The latest competition statement to be made was from House of Edgar-Shotts & Dykehead in the Medley event of the World’s Final. With about 30 seconds of the medley left, the pipe section turned outward to face the audience and the judges. Knowing the value of surprise, I understand that P-M Robert Mathieson kept this plan from even his own band members until the morning of the contest . Listening to the BBC recording of the performance, the pipe-section sound when they turn gets noticeably clearer, even if there’s a slight loss of unison.

Like TPPB after Georgetown, the Shotts turn was the talk of the day. I heard more about that from people than I did about how Field Marshal or the eventual World Champions SFU played. One can say that 2008 has been a year when the first-prize-winners had their thunder completely stolen.
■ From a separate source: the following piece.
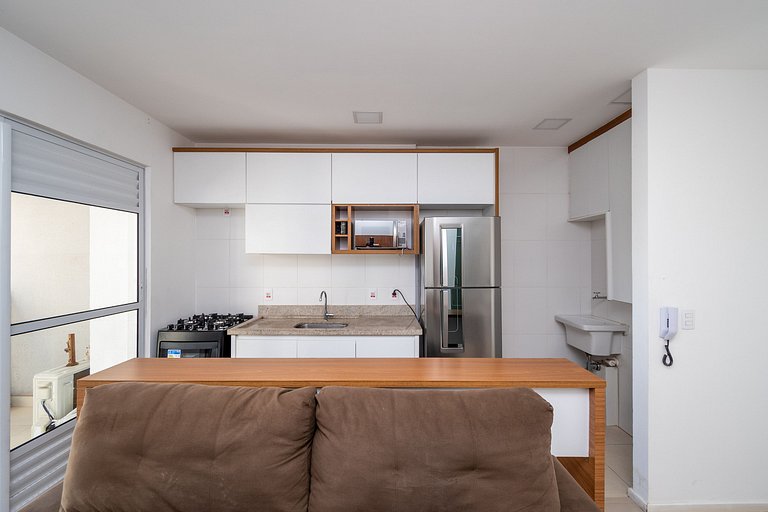 Depto 1H c/ balcón, Jardim Goiás - MSSO1208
The TPPB and HOESAD examples show what can be done simply by acting differently. I’m pretty sure that both bands saw 2008 as something of a building year, so perhaps winning was not the number-one objective for either. Would either band have done what they did if they thought that they were favourites to win the World’s? I don’t know. But I think that, without that win-at-any-cost mentality that guides a band that seriously thinks it can win, these bands made the most of the situation and decided to make very large musical statements.
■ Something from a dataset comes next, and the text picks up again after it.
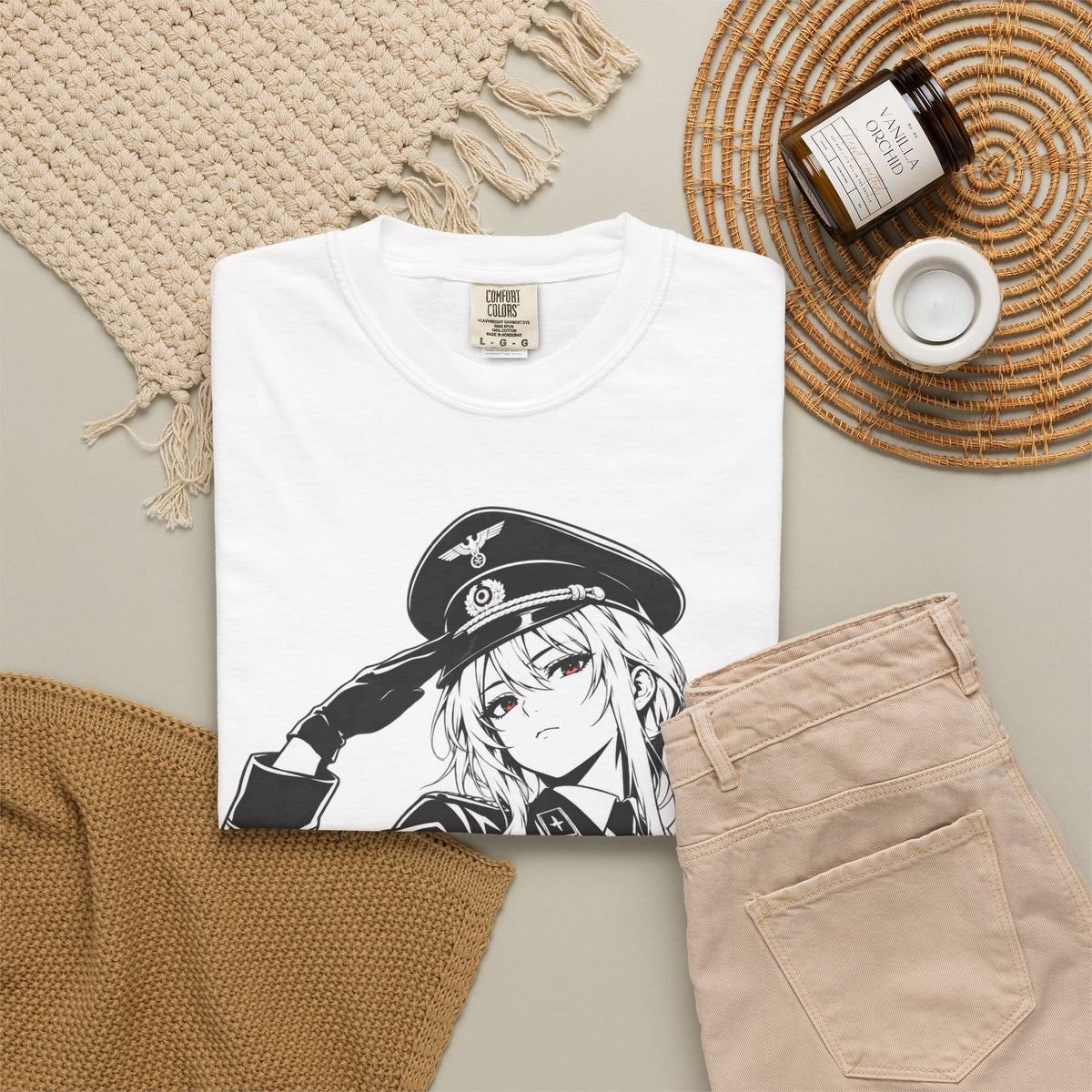 Anime Officer Salute T-Shirt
Rab Mathieson calls for World’s reform in his pipes|drums Interview, even wondering why pipe bands don’t face the audience like any other serious musician would. Last Saturday he made a simple yet bold statement, risking losing the prize, but becoming the talk of the park while putting the spotlight directly on the important issue of what we are all are as musicians.

July 28, 2008

Rush to judgment


A few weeks ago I wrote about the Rush-inspired medley that the Grade 3 Durham Regional Police are playing this year. The band (pipe) starts with “Tom Sawyer,” the (rock) band’s one hit – or the closest thing they’ve ever come to a hit despite a gazillion album sales.
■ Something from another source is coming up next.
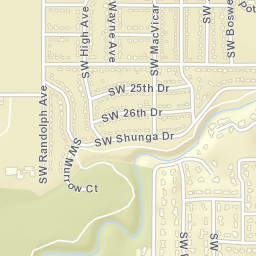 2300-2306 Southwest Boswell Court, Topeka Street Map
I managed to get a recording of it at Cambridge, so here it is. You can compare it with the original prog-rock song from the Canadian power-trio, as they’re referred to by anyone who cares. The video is from – gulp – 1981.

I also wrote a while back about bands doing new things with familiar melodies, mentioning that Pink Floyd’s “Comfortably Numb” might make a good adaptation. That summer I believe Shotts included Coldplay‘s “Kingdom Come” in its medley.

I think that what Durham does works, especially for a non-piping Canadian audience. The band includes lots of content for piping aficionados, and so it can still be new and different and clever while also being “true to the idiom,” as some people like to say.

You might say that the recent pipe band trend of taking a very familiar tune and repurposing it in a new time signature and tempo (see Al-Cal’s take on “Crossing The Minch,” for example) is much the same idea.

I spent much of my lost high school years doing two things: listening to Rush and playing the pipes. I never thought that the two could be merged.